Sebelumnya, dimanpun tempat, baik di rumah, di kantor, di tempat ngumpul-ngumpul, di kafe, apalagi di lahan pertanian yang menjadi 'kantor kedua'ku sebagai 'pembina dan penyuluh' petani, nyaris tidak pernah rokok lepas dari jepitan tanganku. Bahkan ketika harus mengikuti acara di ruangan hotek ber AC, tempat pertama yang kukejar saat jeda adalah 'smoking area'.
Namun selama ini, aku nyaris tidak pernah menyesali keputusanku, karena sebelaum mengambil keputusan, aku terlebih dahulu mempertimbangkan baik buruknya dan selalu menggunakan fikiran yang jernih. Itulah yang kemudian melatari keputusanku untuk menjatuhkan 'talak tiga' terhadap benda bernama rokok ini.
Ada beberapa prinsip yang menjadi pertimbanganku sebelum memutuskan untuk berhenti total dari merokok.
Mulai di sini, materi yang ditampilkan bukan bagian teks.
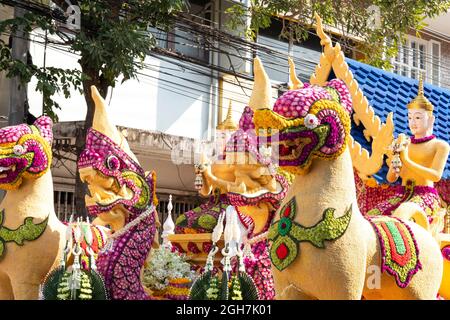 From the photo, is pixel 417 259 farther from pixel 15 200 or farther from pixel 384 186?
pixel 15 200

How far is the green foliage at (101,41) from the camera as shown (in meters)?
7.64

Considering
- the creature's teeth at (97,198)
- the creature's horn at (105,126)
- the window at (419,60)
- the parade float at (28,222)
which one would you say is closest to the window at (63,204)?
the creature's horn at (105,126)

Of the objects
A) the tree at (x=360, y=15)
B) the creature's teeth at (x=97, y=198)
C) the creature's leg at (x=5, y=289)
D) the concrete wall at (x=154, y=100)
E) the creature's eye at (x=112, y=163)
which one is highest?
the tree at (x=360, y=15)

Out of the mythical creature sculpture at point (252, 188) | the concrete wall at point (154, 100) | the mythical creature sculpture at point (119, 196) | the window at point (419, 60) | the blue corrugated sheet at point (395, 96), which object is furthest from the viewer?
the window at point (419, 60)

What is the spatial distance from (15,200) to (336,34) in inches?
355

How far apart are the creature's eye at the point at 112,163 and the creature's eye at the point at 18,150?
0.59m

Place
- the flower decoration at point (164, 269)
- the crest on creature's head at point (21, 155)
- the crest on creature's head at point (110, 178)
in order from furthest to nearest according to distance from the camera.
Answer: the flower decoration at point (164, 269) < the crest on creature's head at point (110, 178) < the crest on creature's head at point (21, 155)

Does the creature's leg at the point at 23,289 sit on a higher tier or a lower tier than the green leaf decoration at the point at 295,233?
lower

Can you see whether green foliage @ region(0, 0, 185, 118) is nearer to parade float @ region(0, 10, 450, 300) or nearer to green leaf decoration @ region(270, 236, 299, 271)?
parade float @ region(0, 10, 450, 300)

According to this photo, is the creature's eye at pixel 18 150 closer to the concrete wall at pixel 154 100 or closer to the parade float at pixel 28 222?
the parade float at pixel 28 222

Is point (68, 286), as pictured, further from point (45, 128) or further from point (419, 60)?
point (419, 60)

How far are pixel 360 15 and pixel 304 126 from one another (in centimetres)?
758

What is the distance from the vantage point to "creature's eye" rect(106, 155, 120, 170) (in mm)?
5320

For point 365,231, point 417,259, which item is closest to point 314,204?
point 365,231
Pertama, aku tidak ingin sampai ada dokter yang memperingatkan atau melarangku merokok.
Kedua, harga rokok yang terus melonjak, menjadi pertimbangan ekonomisku, nggak mungkin lah aku membuang-buang uang dalam nominal besar hanya untuk 'asap'.
Ketiga, saat ini aku sudah memiliki seorang cucu yang masih berumur balita, tentu tidak baik bagi kesehatannya, bercengkerama dengannya sambil merokok, dan harga rokok bisa untuk 'mensubsidi' jajan dan susu bubuknya.
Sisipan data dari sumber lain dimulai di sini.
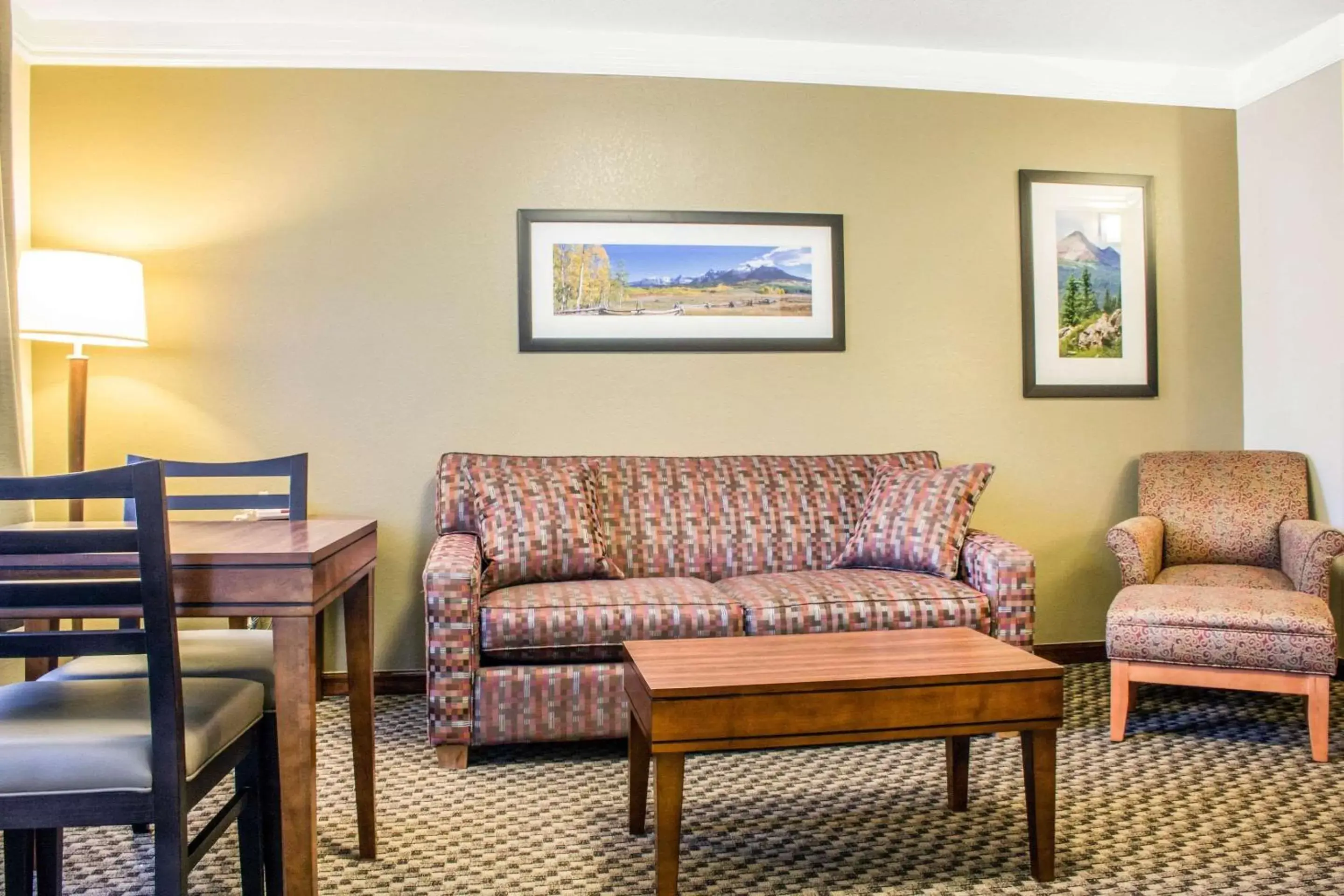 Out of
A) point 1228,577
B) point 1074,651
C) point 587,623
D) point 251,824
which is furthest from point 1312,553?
point 251,824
Dan yang terakhir, aku merasa dengan berhenti merokok, kondisi kesehatanku akan lebih baik dan daya tahn tubuhku akan lebih kuat, meski yang terakhir ini bukan pertimbangan utama.
Akhir tahun 2019 adalah waktu yang sudah kupersiapkan untuk 'mengeksekusi' keputusanku. Sampai tanggal 31 Desember 2019 jam 23.00, aku masih sempat menghabiskan tiga bungkus rokok kesukaanku.
Sebelum lonceng pergantian tahun baru 2020 berbunyi, sudah kubulatkan tekad untuk 'menceraikan' rokok dari kehidupanku. Kok bisa? Ya bisa lah, untuk mengeksekusi keputusan ini, aku memakai falsafah puasa wajib, hari ini kita masih leluasa makan minum tapi besooknya kita bisa stop total makan dan minum, dan ternyata falsafah itu terbukti manjur untuk diterapkan.
Teman-teman yang biasa melihatku sebagai perokok aktif yang nyaris seperti 'kereta api', seperti kubuat terkejut dengan keputusan ini. Dalam sebulan dua bulan pertama, sepertinya mereka belum yakin akan keputusanku ini. Inilah yang semakin mebulatkan tekadku untuk 'memutus silaturrahmi' dengan tembakau berbalut kertas sigaret ini.
Sebagai 'penguji keimanan' terhadap keputusanku ini, aku sengaja menyimpan sebungkus rokok di atas pintu masuk rumahku, tapi Alhamdulillah, jangankan untuk membuka dan mengisap isinya, menyentuh dan melihatnya pun aku sudah tidak tertarik lagi.